What it argues
Freakonomics is economist Steven Levitt and journalist Stephen Dubner's argument that economics — properly understood as the study of incentives — can explain things that look, on the surface, like they have nothing to do with money. The book doesn't have a single thesis. Its organizing principle is a method: find good data, ask a question nobody thought to ask, and follow the numbers wherever they go, even if the answer is uncomfortable.
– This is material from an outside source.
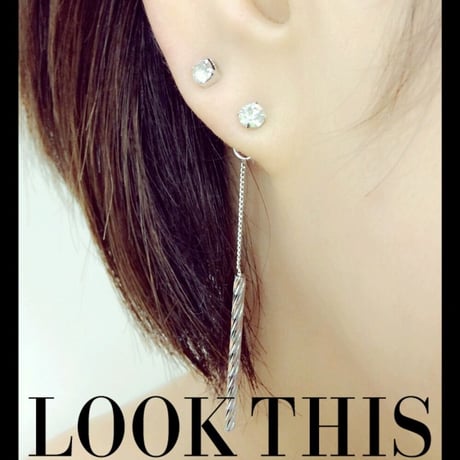 ツイスト バー スウィング 揺れる 一粒ストーン バックキャッチピアス 華奢 シルバー レディース アクセサリー：PL160203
The most famous case is the argument that the legalization of abortion in the early 1970s, not policing tactics or economic growth, was the primary driver of the dramatic drop in crime rates in the 1990s. Levitt and Dubner trace the logic carefully: children born into circumstances where they are unwanted are statistically more likely to commit crimes, and when Roe v. Wade reduced those births, the effect showed up in crime data roughly eighteen years later. The chapter generated enormous controversy, and the authors engage it directly rather than hedge.
What it gets right
- 1.
Incentives are the central mechanism of human behavior. Understanding who benefits from a situation — financially, socially, or morally — often explains behavior that seems irrational on the surface.
- 2.
Conventional wisdom is frequently wrong, especially when it's propagated by people with an interest in maintaining it. The real estate industry, parenting experts, and crime analysts all get chapters making this point.
- 3.
The link between Roe v. Wade and the 1990s crime drop is Levitt's most controversial claim: reduced births into high-risk circumstances, not policing or the economy, best explains the timing and geography of the decline.
What it covers
Who wrote it
Steven D. Levitt is an economist at the University of Chicago whose research applies statistical analysis to unexpected domains, from crime and education to sumo wrestling and drug markets. He won the John Bates Clark Medal in 2003. Stephen J. Dubner is a journalist and author who has written for The New York Times Magazine and The New Yorker. Together they co-wrote the Freakonomics series, which includes SuperFreakonomics, Think Like a Freak, and When to Rob a Bank, and host the long-running Freakonomics Radio podcast.